Two subjects, car sharing and sustainable development, have been waiting to be combined. Former opponents learned how they can actually strengthen each other during an International Association of Public Transport (UITP) workshop on October 18th – 19th.

Although sessions were seperate, there were plenty plenary opportunities to compare conclusions and talk about integrating car sharing into broader sustainable development plans. Because it is time public transport companies start considering the shared car as a possible partner in achieving sustainable development, instead of as an enemy to public transport or sustainability.

The workshop turned out an eye opener. CarSharing can be the missing link in your city’s sustainable transport system. If you do not live in one of 600 cities that already have CarSharing, that is.

Progress is about to be made with the UITP Sustainable Development Charter as well. It was proposed and widely supported at the workshop that car sharing become part of the charter.

Definition
The World CarShare Consortium defines CarSharing in terms of shared ownership. It goes further than sharing a ride or even regular car pooling. In the Netherlands Greenwheels is a wide-spread (40 cities) commercial car sharing company that liaises with the Dutch Railway company.

Integrated policy
Greenwheels co-founder and president Jan Borghuis attended the UITP workshop and called for an integrated policy. Air quality policy makers hardly know what urban planners do and vice versa. People need to know each other and each other’s methods. And integration of car sharing systems and public transport is needed. The UITP is lobbying to further both kinds of integration.

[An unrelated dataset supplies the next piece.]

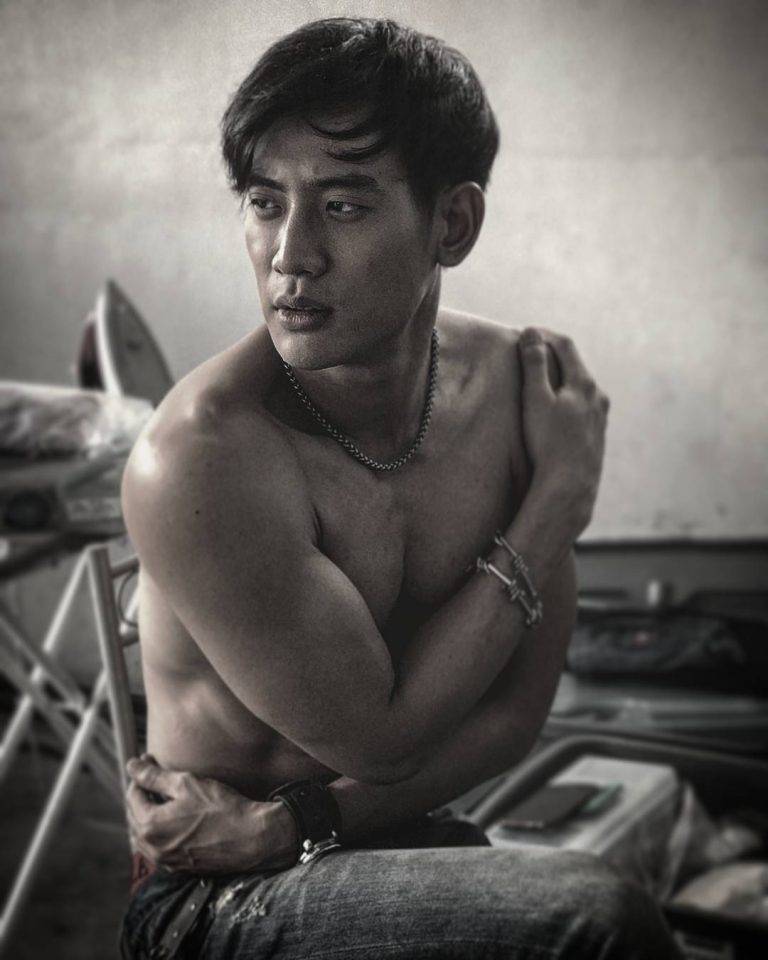 ดูดนมดารา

Famous car developer Michael Eimstad, of the Th!nk car, is not sure that is the right approach. He stresses the importance of being independent of local authorities. Of course, he has had a bad experience when his company was owned by Ford Motor Company. The latter merely used the Th!nk car to meet California's Zero Emission Vehicle mandate and otherwise continued making the cars Ford wanted.

How is it done?
So how can public transport and car sharing combine forces? Public transport companies could actually own a fleet of cars to be shared. Or they can create partnerships with automobile companies. UITP set itself the task of collecting examples of the last, to offer best practices for other interested companies.

Bremen Mobil.punkt. Photo: TARGET

Another question is how to offer an integrated form of transport? To facilitate the combination of differents modes of transport, German company mobil.punkt has developed just that: a mobility point. To stall or rent bicycles, hop on a bus or an underground train or take a taxi; all at one place.

Public-private solution
Mr. Eimstad now focuses on the car sharing market with the Th!nk City car. Whereas the car is too expensive for the consumer market, shared ownership could be the answer. A solution seems to presents itself for all car makers who do have excellent green prototypes, but run into the problem that many sustainable cars that do fulfill all modern consumers’ demands regarding looks and performance, are too expensive for the market.

Integrated car sharing and public transport could be the perfect public-private case: private parties could decide on ‘form’ (what cars to buy, how to arrange things so that the public will actually prefer it over taking their private cars) while public parties could facilitate: liaise with public transport companies, provide mobil.punkts and integrate policies in different fields.